7. We need a programme of work to understand how to deliver technical standards for identity services, for citizens and for professionals.
Understanding identity, for citizens and their carers as well as professionals, underpins digital services across governmental services. Identity services need to work for professionals irrespective of their organisation, or whether they work for the NHS, care services or the third-sector. NHS Wales need to work with colleagues in local authorities and across government to build safe and secure services that appear seamless for citizens and ensures that professionals have access to the right information at the right time, and yet inappropriate access is prevented.
8. We expect security and safety to be part of the conception, design and development of services and standards.
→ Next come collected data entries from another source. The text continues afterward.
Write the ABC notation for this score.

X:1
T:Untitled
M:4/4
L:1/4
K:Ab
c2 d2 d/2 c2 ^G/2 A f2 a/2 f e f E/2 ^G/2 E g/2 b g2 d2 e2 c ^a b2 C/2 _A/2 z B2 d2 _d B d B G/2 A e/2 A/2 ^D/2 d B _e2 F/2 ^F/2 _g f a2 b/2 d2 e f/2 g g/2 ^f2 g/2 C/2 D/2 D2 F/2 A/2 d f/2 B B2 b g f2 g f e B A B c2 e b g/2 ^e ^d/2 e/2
Organisations will adopt security and privacy by design principles when setting up services, applications and processes. All organisations will complete Data Protection Impact Assessments as part of the preparatory work before adoption and implementation of any new or substantially changed service or application. Organisations will undertake risk assessments to determine the appropriate level of safety (including encryption) for data at rest and in transit. Each new application, where personal data is recorded, stored or accessed will include data access audit functionality to service user, subject and application “page” level, either inbuilt or linked to a separate auditing application. All organisations will develop a credible strategy for the ongoing maintenance, improvement and upgrade of services and software products, as well as for dealing with providers that have gone out of business or no longer support their products.
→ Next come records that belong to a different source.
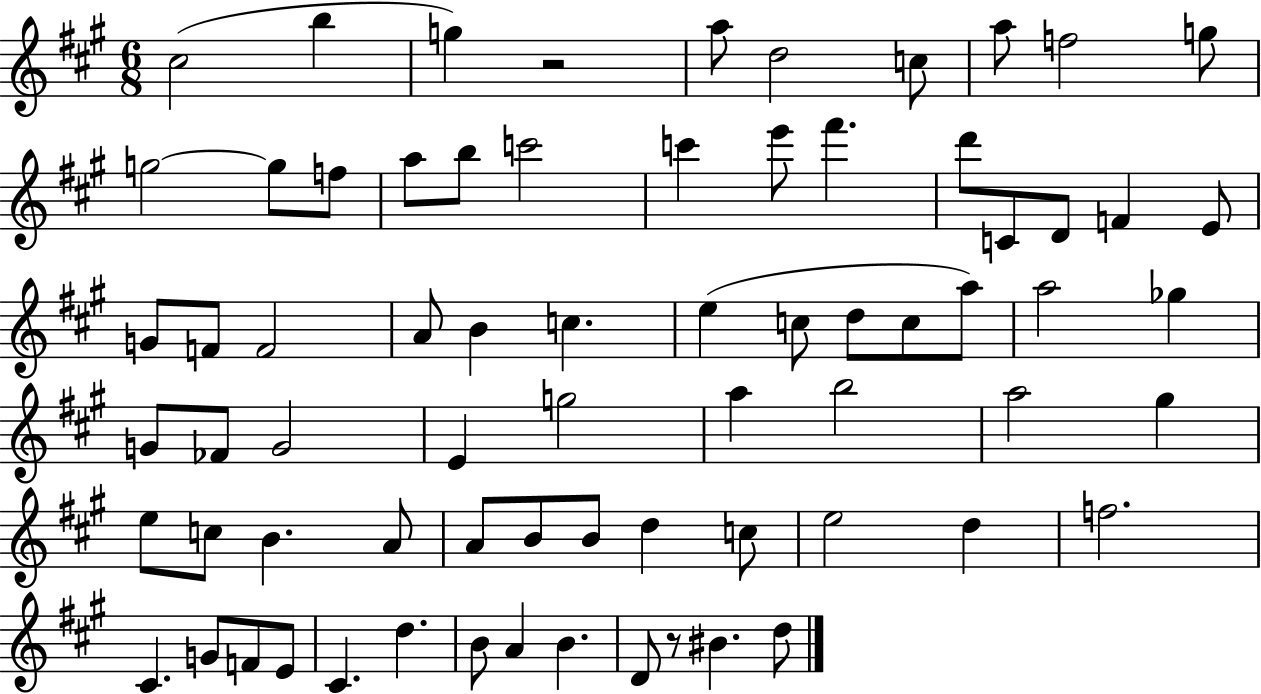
X:1
T:Untitled
M:6/8
L:1/4
K:A
^c2 b g z2 a/2 d2 c/2 a/2 f2 g/2 g2 g/2 f/2 a/2 b/2 c'2 c' e'/2 ^f' d'/2 C/2 D/2 F E/2 G/2 F/2 F2 A/2 B c e c/2 d/2 c/2 a/2 a2 _g G/2 _F/2 G2 E g2 a b2 a2 ^g e/2 c/2 B A/2 A/2 B/2 B/2 d c/2 e2 d f2 ^C G/2 F/2 E/2 ^C d B/2 A B D/2 z/2 ^B d/2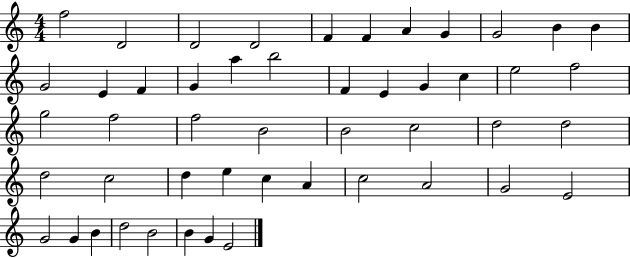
{
  \clef treble
  \numericTimeSignature
  \time 4/4
  \key c \major
  f''2 d'2 | d'2 d'2 | f'4 f'4 a'4 g'4 | g'2 b'4 b'4 | \break g'2 e'4 f'4 | g'4 a''4 b''2 | f'4 e'4 g'4 c''4 | e''2 f''2 | \break g''2 f''2 | f''2 b'2 | b'2 c''2 | d''2 d''2 | \break d''2 c''2 | d''4 e''4 c''4 a'4 | c''2 a'2 | g'2 e'2 | \break g'2 g'4 b'4 | d''2 b'2 | b'4 g'4 e'2 | \bar "|."
}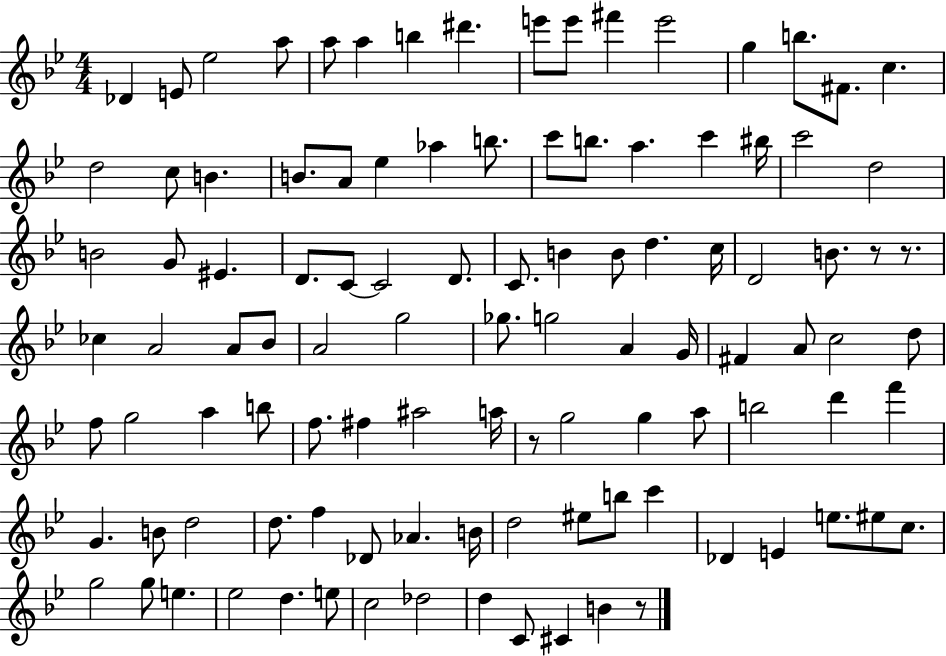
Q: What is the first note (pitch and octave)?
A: Db4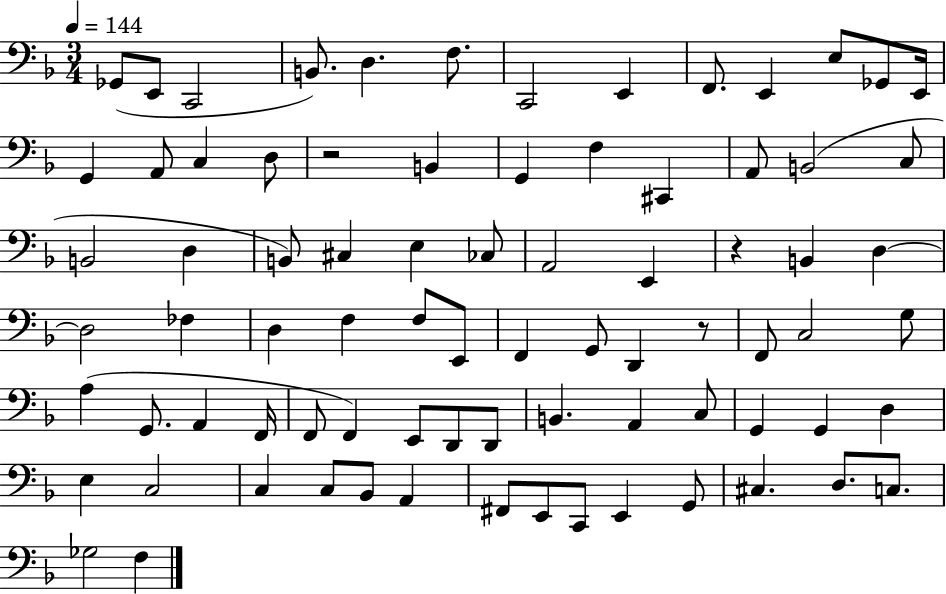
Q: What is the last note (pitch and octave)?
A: F3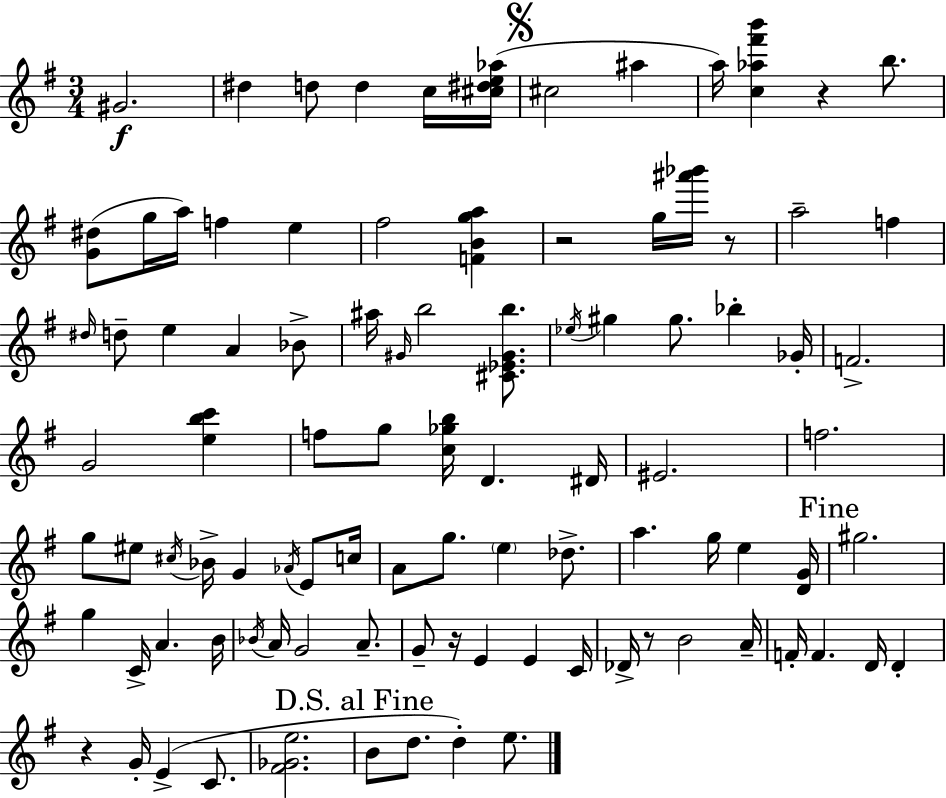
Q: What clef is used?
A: treble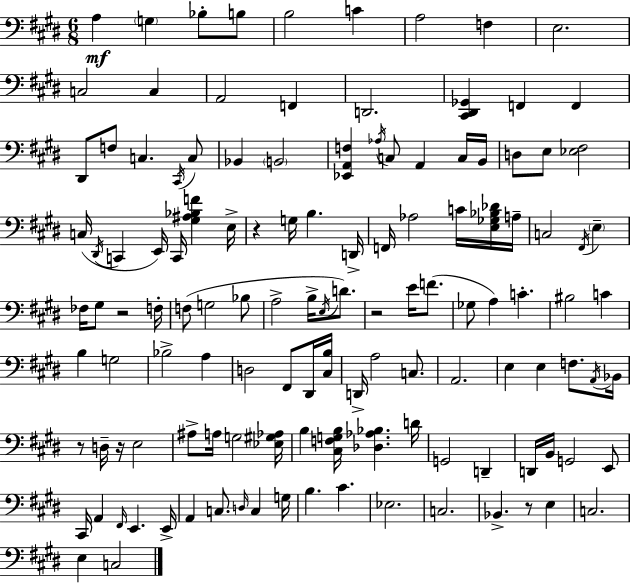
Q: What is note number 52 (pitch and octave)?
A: Bb3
9. Developers in Wales need tools and infrastructure to enable continuous and automated testing.
We will favour technical standards for development that permit the creation of production-like environments for automated testing of components. As a result, developers should be able to develop and deploy software multiple times per day and support continuous testing and delivery, ensuring systems are deterministic both in their operation in isolation and in concern with other modules. We will promote mechanisms to build safe and resilient systems, including adopting measures to deliberately break functionality and assess how systems handle these failures gracefully.
10. Health and social care need to expect a move to cloud computing and infrastructure-as-code.
We expect a steady increase in the use of cloud services for providing computing and storage for health and social care services in Wales. As such, we will favour technologies that abstract infrastructure, recognising that we will need a transition period between on-premises infrastructure and that provided by an increasingly commodity cloud which manages infrastructure on our behalf. NHS Wales’ current guidance on the use of cloud is published at https://www.wales.nhs.uk/nwis/news/48758. We expect these changes to impact funding and resource models for health and social care services in Wales.
11. We recognise that we don’t have all of the answers and everything will change.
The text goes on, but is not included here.